When the patients were treated under general anesthesia, it was observed that the salivary cortisol values before treatment were higher than the values obtained during and after treatment. It is thought that the decrease in the salivary cortisol value during treatment with general anesthesia is because this treatment approach is safer for the dentist treating the pediatric patient: the dentist can work without the requirement of giving commands, since the patient is completely under control.

Anabuki et al. [21] concluded in their study that the salivary cortisol values of pediatric dentists using moderate sedation decreased during treatment. The reason for this decrease was explained by the fact that although the dentists included in the study stated that they were stressed in the questionnaire, they did not give physiological responses as a result of getting used to their work routines. In this study, when the salivary cortisol values were examined for moderate sedation, it was determined that this value increased during the procedure. This result demonstrates that dentists are more stressed when applying treatment with moderate sedation. Rasmussen et al. [31], Davidovich et al. [32], and Ronnenberg et al. [33] reported that experience is an important factor in reducing stress. Dentists specializing in pediatric dentistry were included in this study, while specialist dentists were evaluated in the study of Anabuki et al. The difference in the experience of the pediatric dentists may have led to these different results [21].

Song et al. revealed that general occupational stress in dentists stems from interpersonal relationships with patients and that a specialist’s responsibilities, rather than their workload, have a significant relationship with stress [23]. This study determined that dentists were more nervous during sedation treatment according to the survey results, consistent with the objective results. Since compatible patients were selected for clinical sedation in the study, we think that there was no stress arising from the relationship with the patient. However, as Song et al. [23] mentioned in their study, stress may occur when using general anesthesia and especially deep sedation due to the burden of responsibility for the patient.

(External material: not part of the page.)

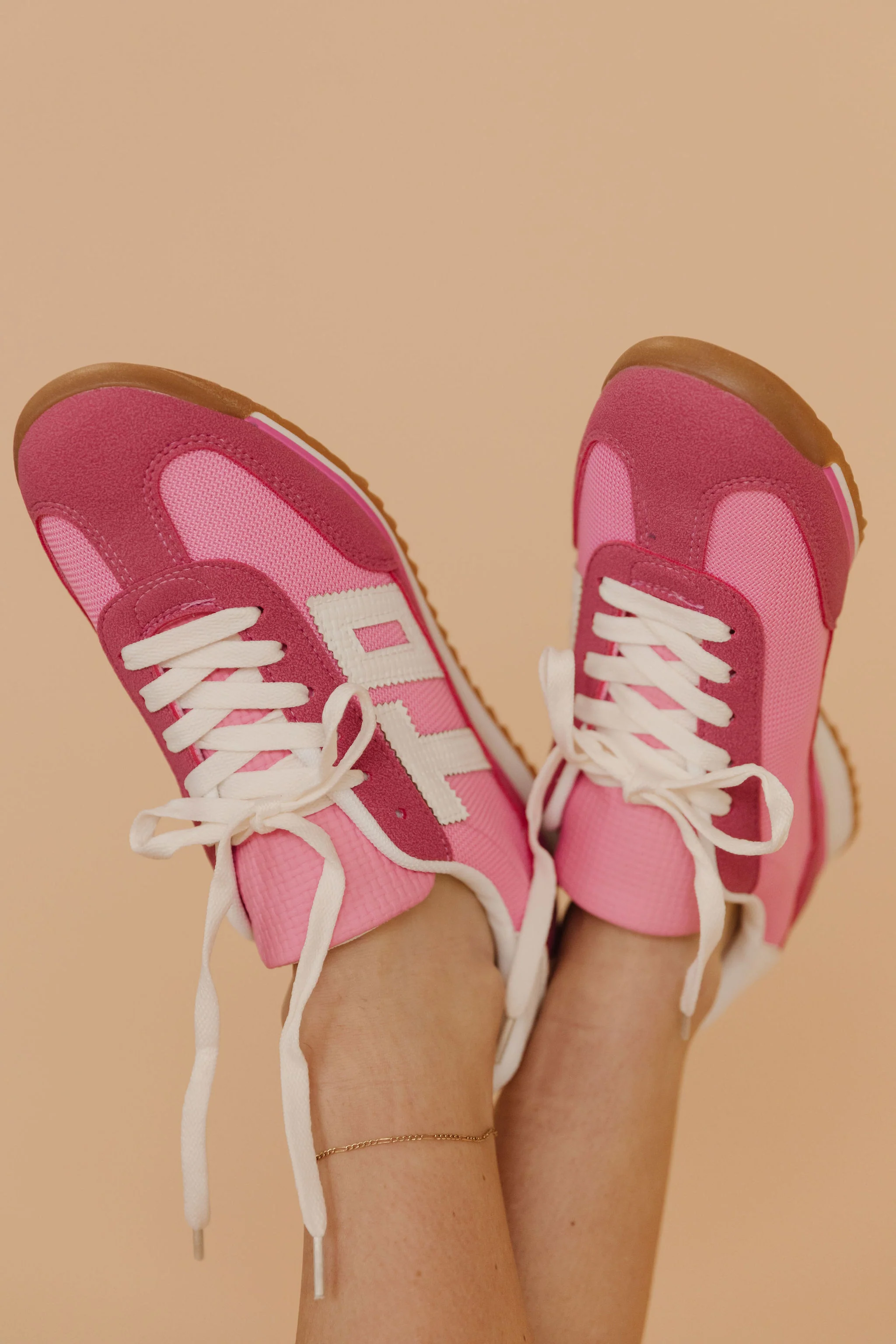 THE ANNIKA SPORTY SNEAKERS IN PINK - Payfeveri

Occupational stress and factors affecting burnout are related to personal factors as well as external factors such as workload and workplace [34]. Considering the results obtained in this study, the authors observed that the stress symptoms of dentist-1, measured before, during, and after treatment with all treatment protocols, were higher than those of the other included dentists. Although standardization was attempted in the study, the reason why the values of one of the dentists were higher than those of the other dentists can be explained by the fact that the stress factor is personal, although it also depends on the treatment approach and additional factors.

This study should be evaluated in light of some limitations. The first is that including more dentists with different training and experience in the study may have led to different results. Second, measuring the daily stress values of the dentists (e.g., trait anxiety, chronic stress) may contribute to the reliability of the results.

Within the scope of the study, compatible children were included in the clinical treatment group in terms of standardization of the treatment duration, but it is a limitation that a noncompatible group was not included in the study.

In conclusion, it has been determined that dentists who care for pediatric patients are more stressed when providing treatment under deep sedation.

The study provides information on the stress caused by routine treatment approaches in the practice of pediatric dentistry. Therefore, the stress of pediatric dentists is clinically important. It is known that occupational stress also affects functional abilities. To reduce stress, it is important to first determine in which situation and treatment approach it occurs more. In this way, measures can be taken to increase the health and treatment quality of dentists, who spend most of the day providing dental treatment for children.